* RECORDS FOR THE TASK
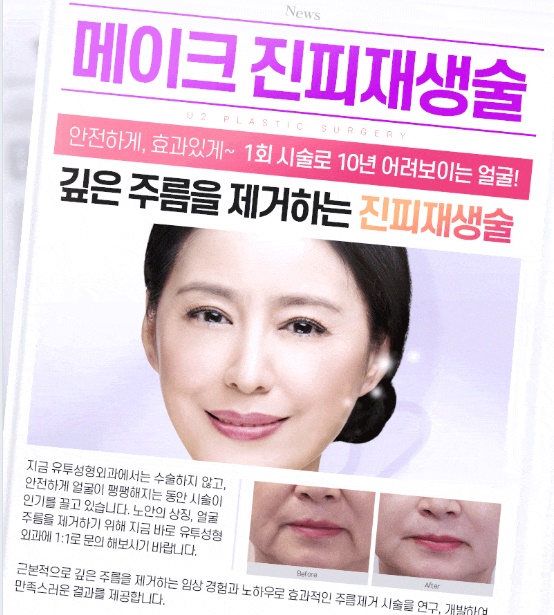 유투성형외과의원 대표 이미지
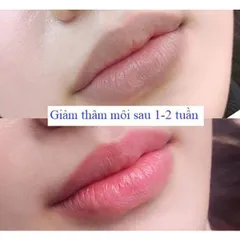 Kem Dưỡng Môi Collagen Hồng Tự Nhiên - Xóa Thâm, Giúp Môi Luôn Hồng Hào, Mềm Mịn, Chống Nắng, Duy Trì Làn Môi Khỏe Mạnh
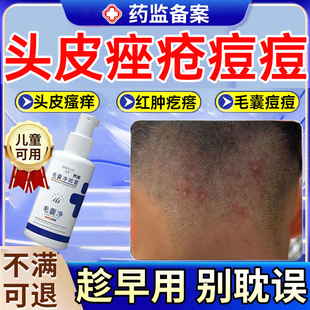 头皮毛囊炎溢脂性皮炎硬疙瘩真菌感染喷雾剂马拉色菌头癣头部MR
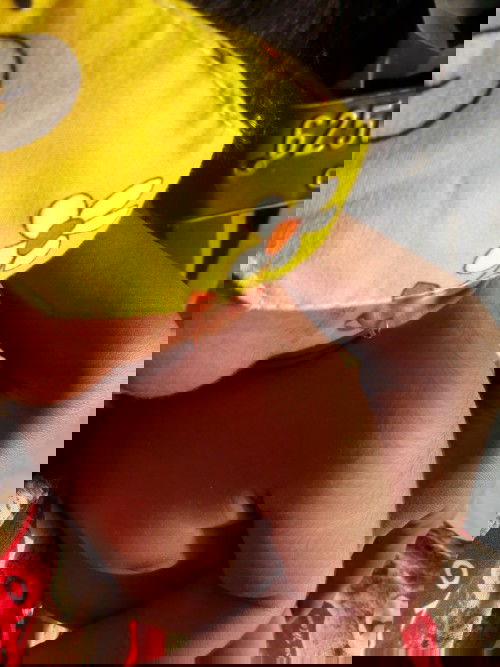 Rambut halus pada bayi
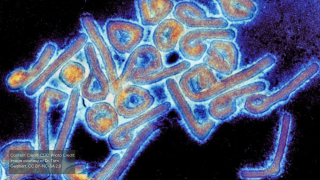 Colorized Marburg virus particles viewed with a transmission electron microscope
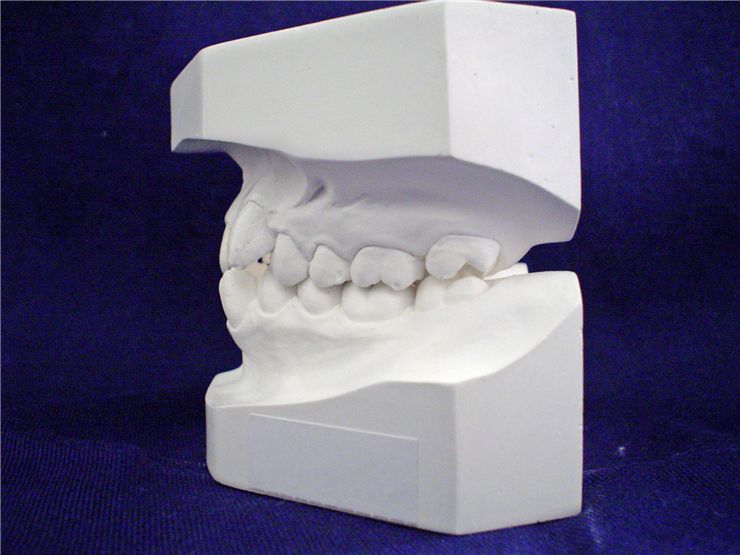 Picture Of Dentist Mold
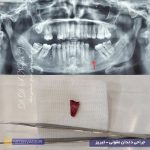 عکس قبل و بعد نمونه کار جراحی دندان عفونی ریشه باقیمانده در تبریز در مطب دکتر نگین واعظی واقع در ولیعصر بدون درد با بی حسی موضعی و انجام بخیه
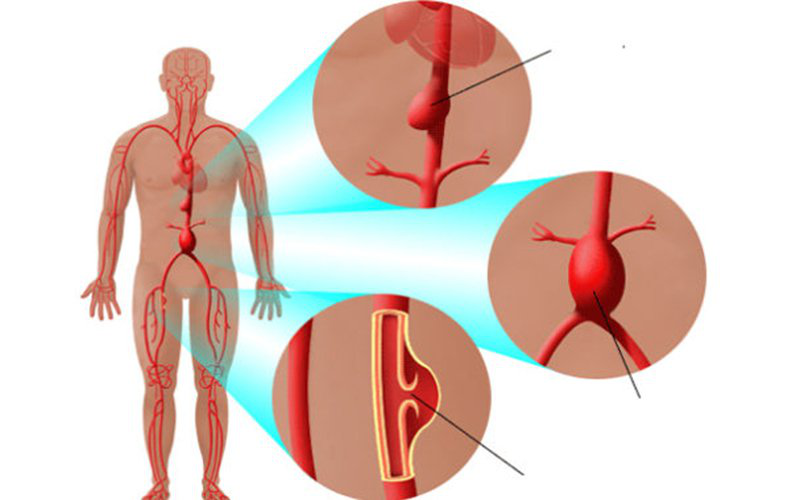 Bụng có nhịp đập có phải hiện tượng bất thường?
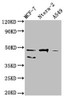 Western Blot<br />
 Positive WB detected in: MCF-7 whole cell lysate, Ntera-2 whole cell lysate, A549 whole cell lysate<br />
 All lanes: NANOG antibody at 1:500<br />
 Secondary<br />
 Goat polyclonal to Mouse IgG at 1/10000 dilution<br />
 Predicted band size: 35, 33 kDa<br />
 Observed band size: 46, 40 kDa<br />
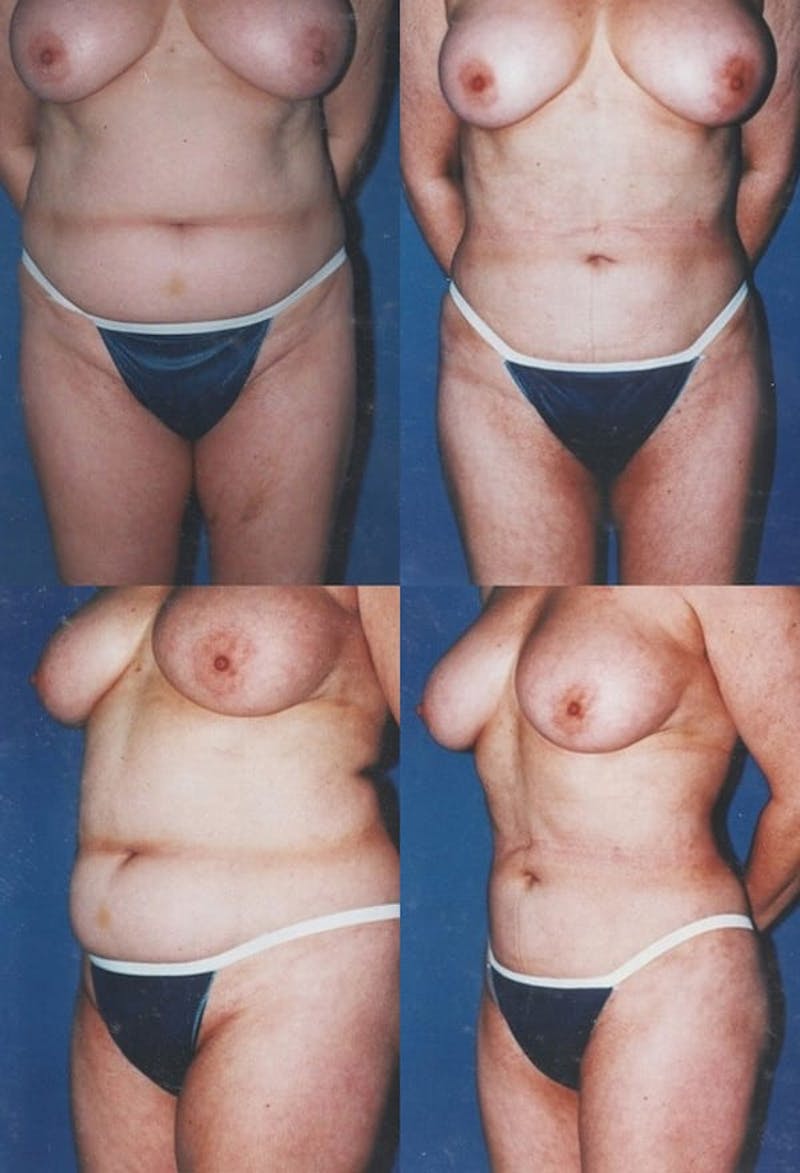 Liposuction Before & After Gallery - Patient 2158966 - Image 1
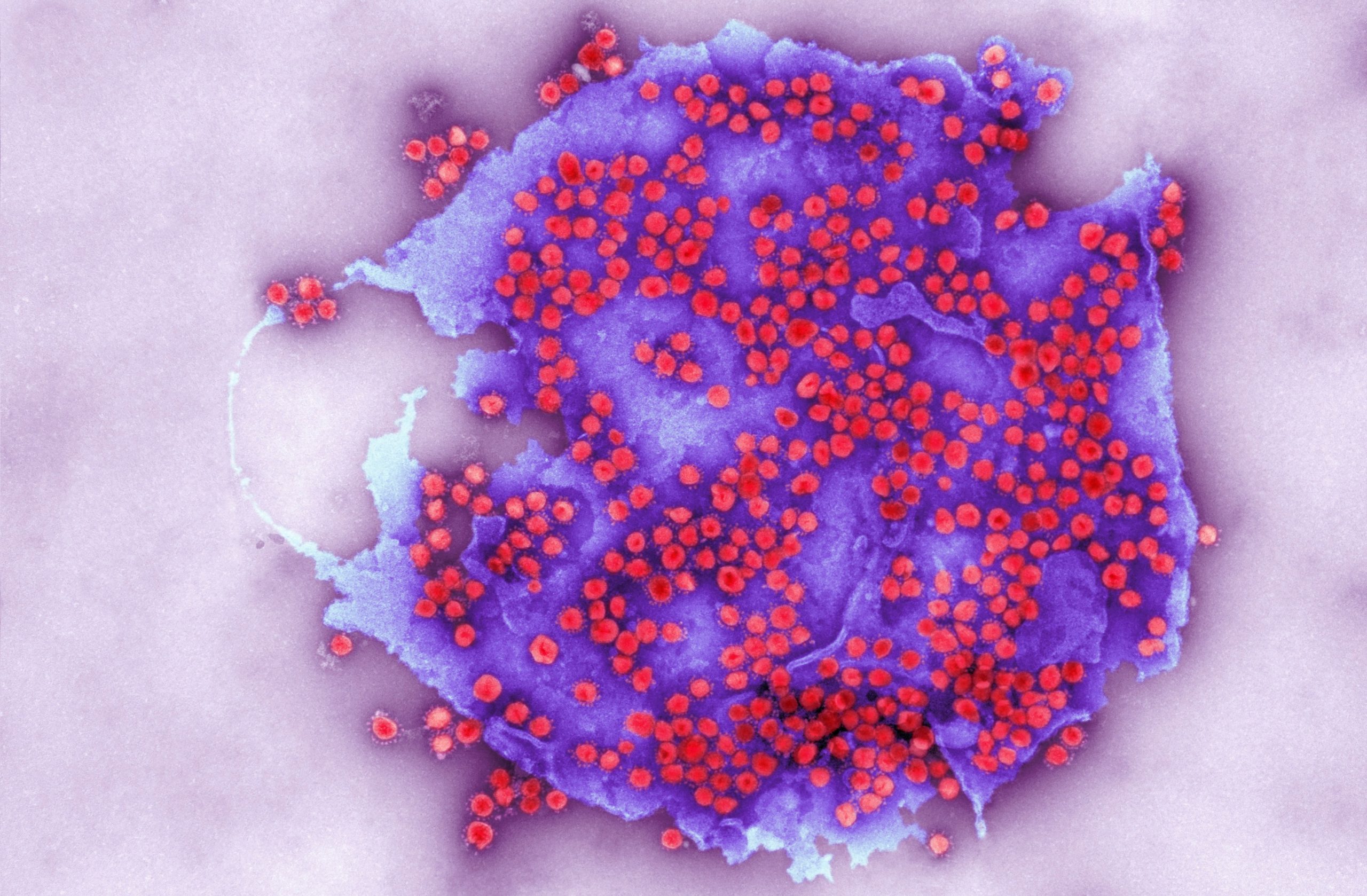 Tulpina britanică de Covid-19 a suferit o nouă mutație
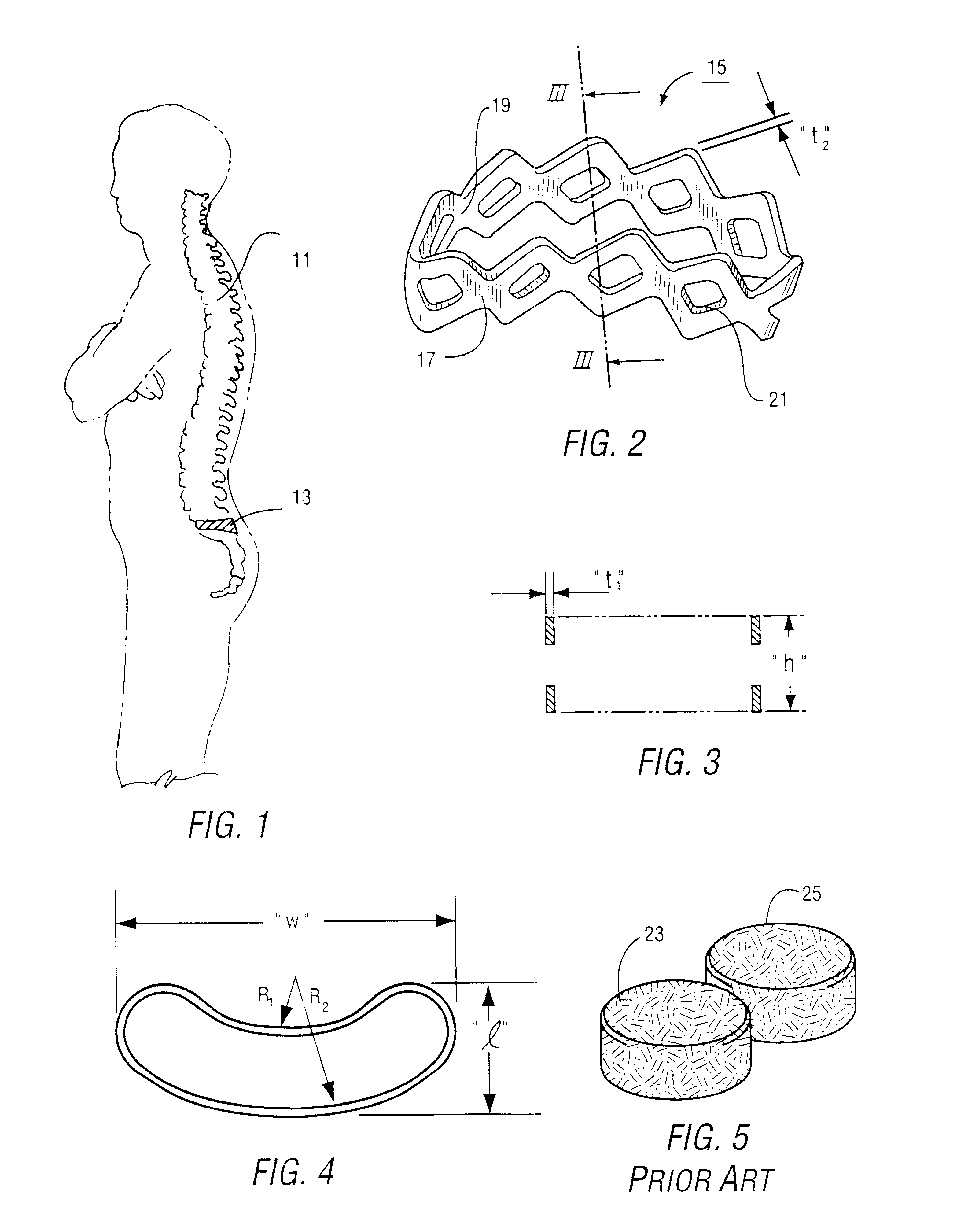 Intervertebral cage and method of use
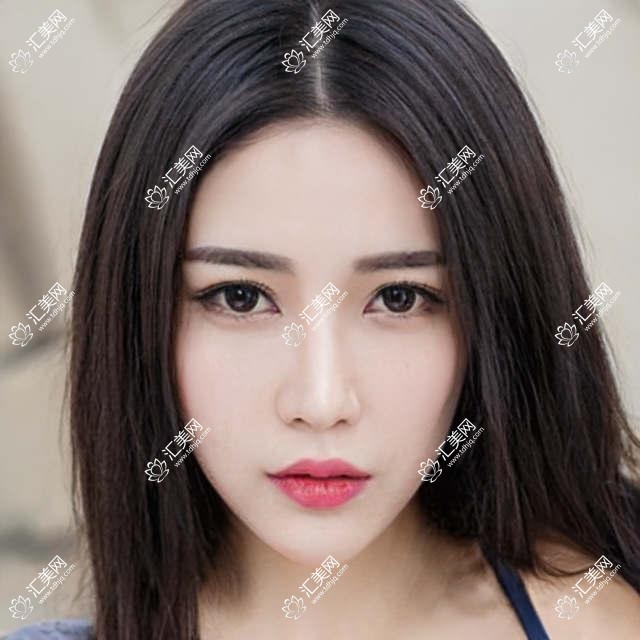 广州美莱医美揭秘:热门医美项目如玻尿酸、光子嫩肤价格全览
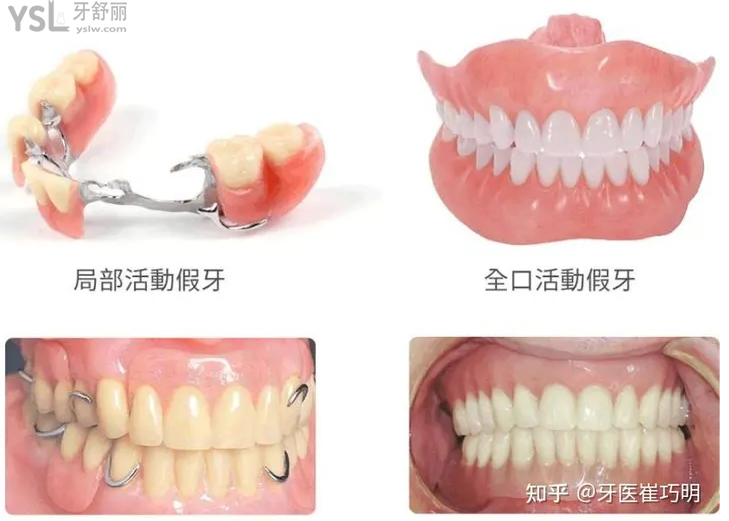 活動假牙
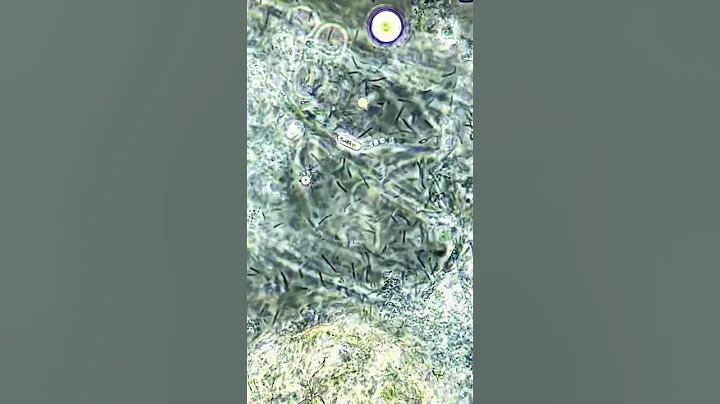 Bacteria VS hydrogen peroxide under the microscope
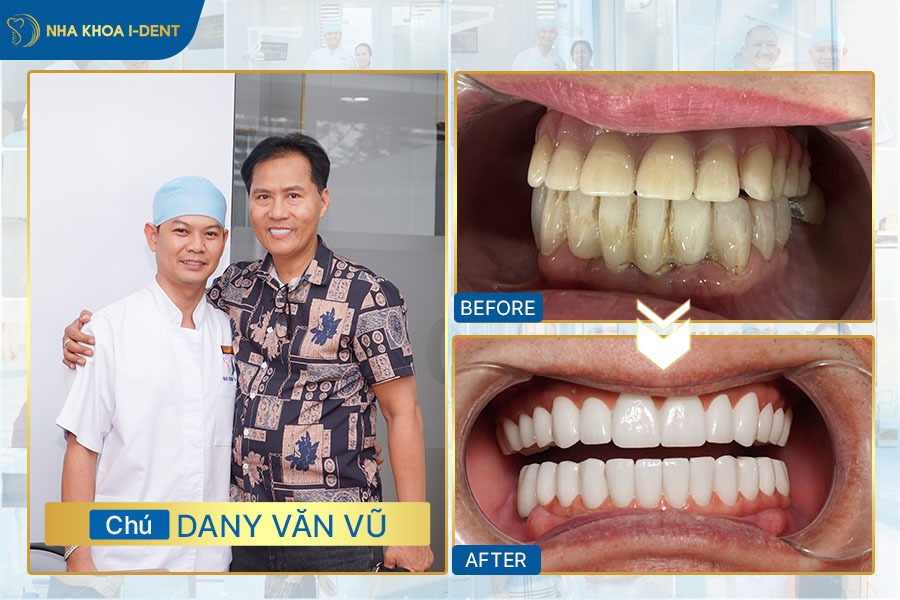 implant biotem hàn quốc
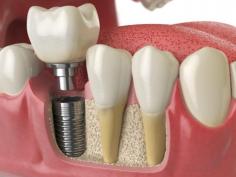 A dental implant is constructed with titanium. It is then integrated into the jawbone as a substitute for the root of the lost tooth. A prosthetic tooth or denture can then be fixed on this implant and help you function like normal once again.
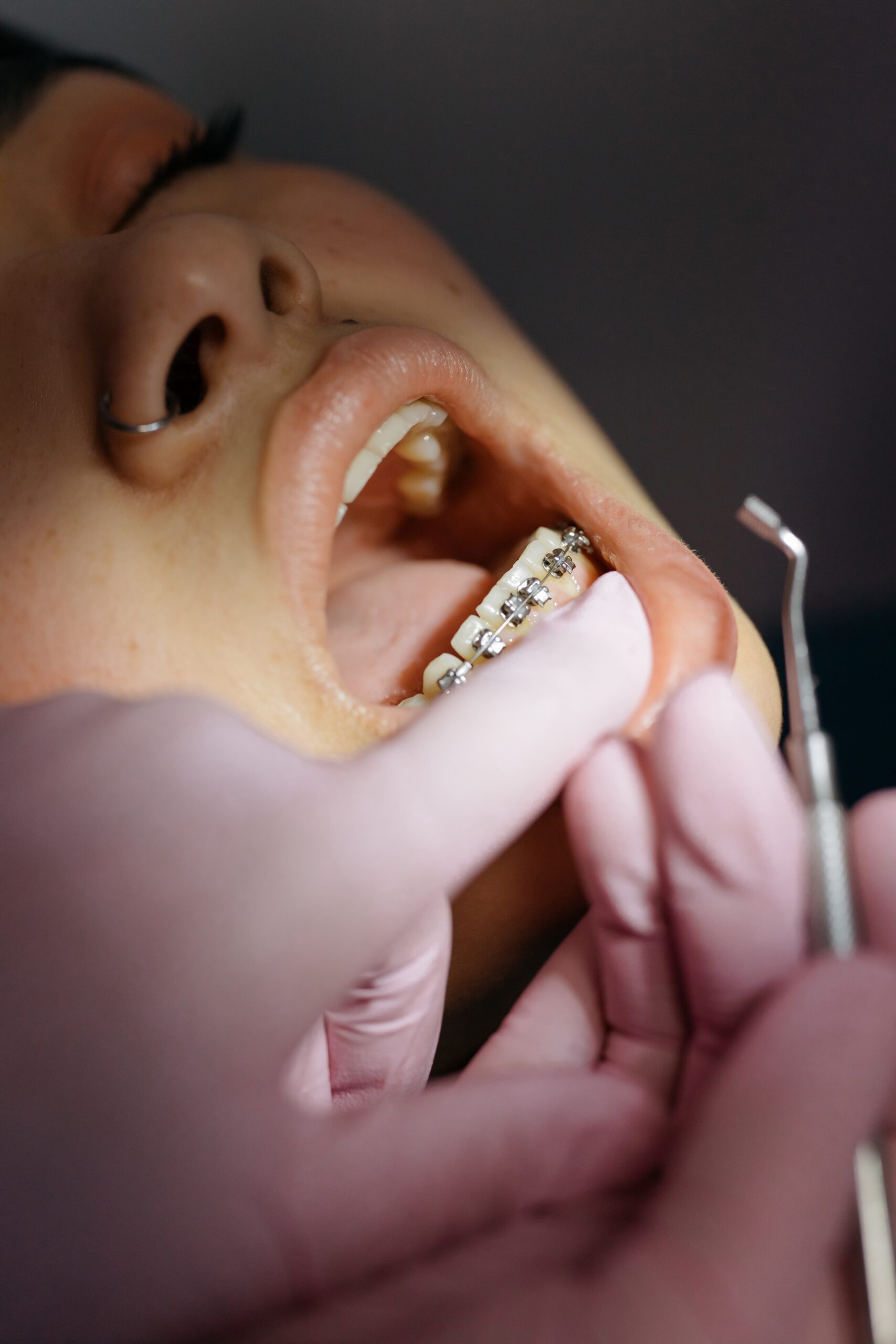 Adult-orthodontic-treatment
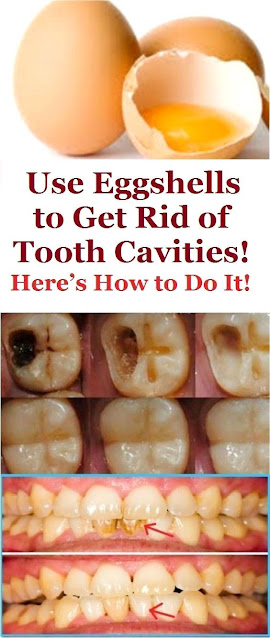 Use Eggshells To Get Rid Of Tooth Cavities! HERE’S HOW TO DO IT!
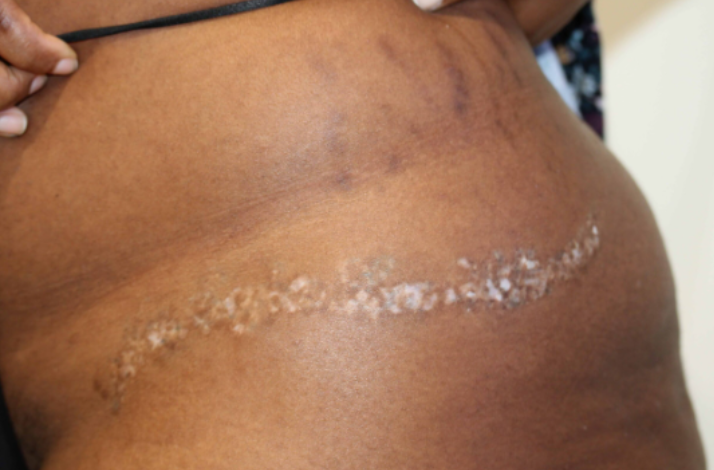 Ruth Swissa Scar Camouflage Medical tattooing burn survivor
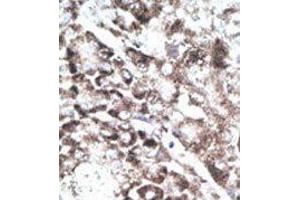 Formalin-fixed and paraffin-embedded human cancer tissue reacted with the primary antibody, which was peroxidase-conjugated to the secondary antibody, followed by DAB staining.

* YOUR OBJECTIVE
Show each line in the listing above that has "size".

* OUTPUT
 Predicted band size: 35, 33 kDa<br />
 Observed band size: 46, 40 kDa<br />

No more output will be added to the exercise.